• **Your goal**
Each record is to be copied exactly, with its pictures left behind.

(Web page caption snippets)
□ □ □
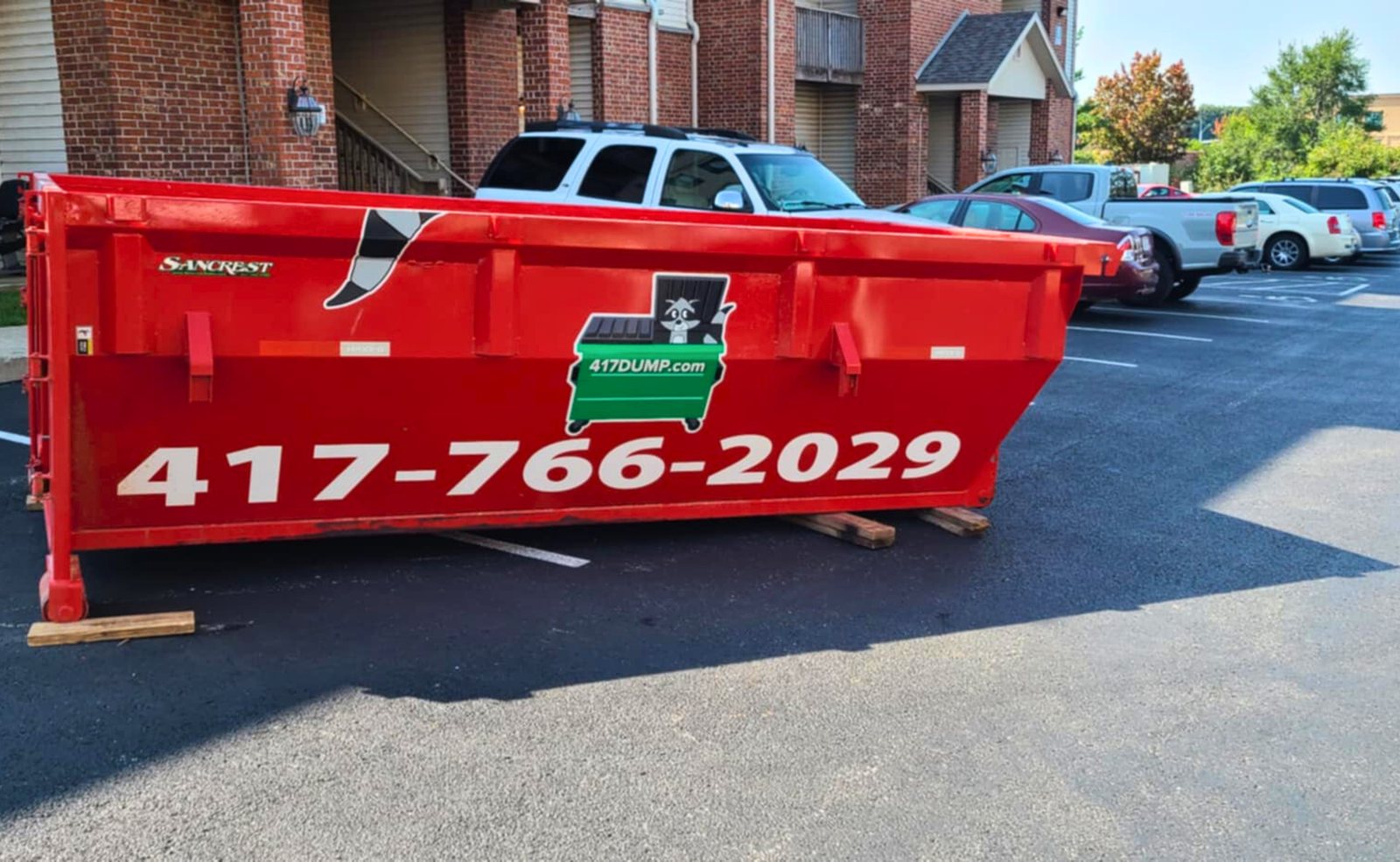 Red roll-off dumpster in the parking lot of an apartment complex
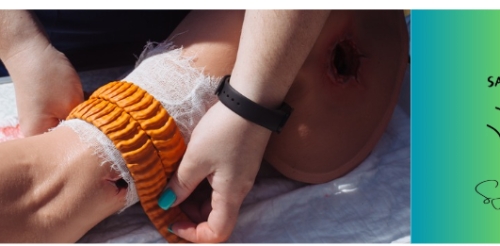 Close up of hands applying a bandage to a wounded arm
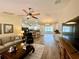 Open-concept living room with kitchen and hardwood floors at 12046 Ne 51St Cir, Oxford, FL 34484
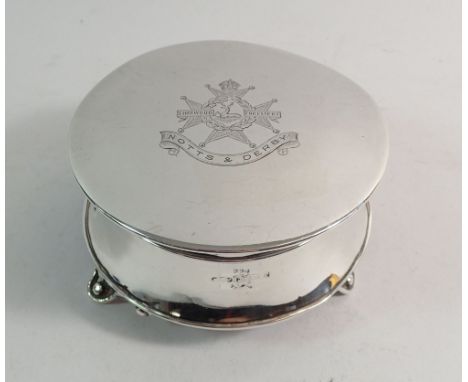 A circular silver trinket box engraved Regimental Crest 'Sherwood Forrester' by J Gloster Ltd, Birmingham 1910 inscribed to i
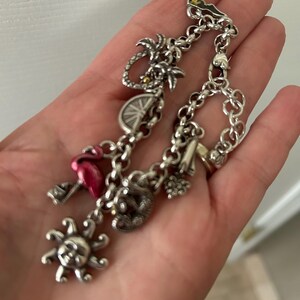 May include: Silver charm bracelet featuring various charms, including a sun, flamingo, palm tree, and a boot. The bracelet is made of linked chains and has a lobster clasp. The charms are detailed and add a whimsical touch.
□ □ □
• **Output for this task**
 Red roll-off dumpster in the parking lot of an apartment complex
 Close up of hands applying a bandage to a wounded arm
 Open-concept living room with kitchen and hardwood floors at 12046 Ne 51St Cir, Oxford, FL 34484
 A circular silver trinket box engraved Regimental Crest 'Sherwood Forrester' by J Gloster Ltd, Birmingham 1910 inscribed to i
 May include: Silver charm bracelet featuring various charms, including a sun, flamingo, palm tree, and a boot. The bracelet is made of linked chains and has a lobster clasp. The charms are detailed and add a whimsical touch.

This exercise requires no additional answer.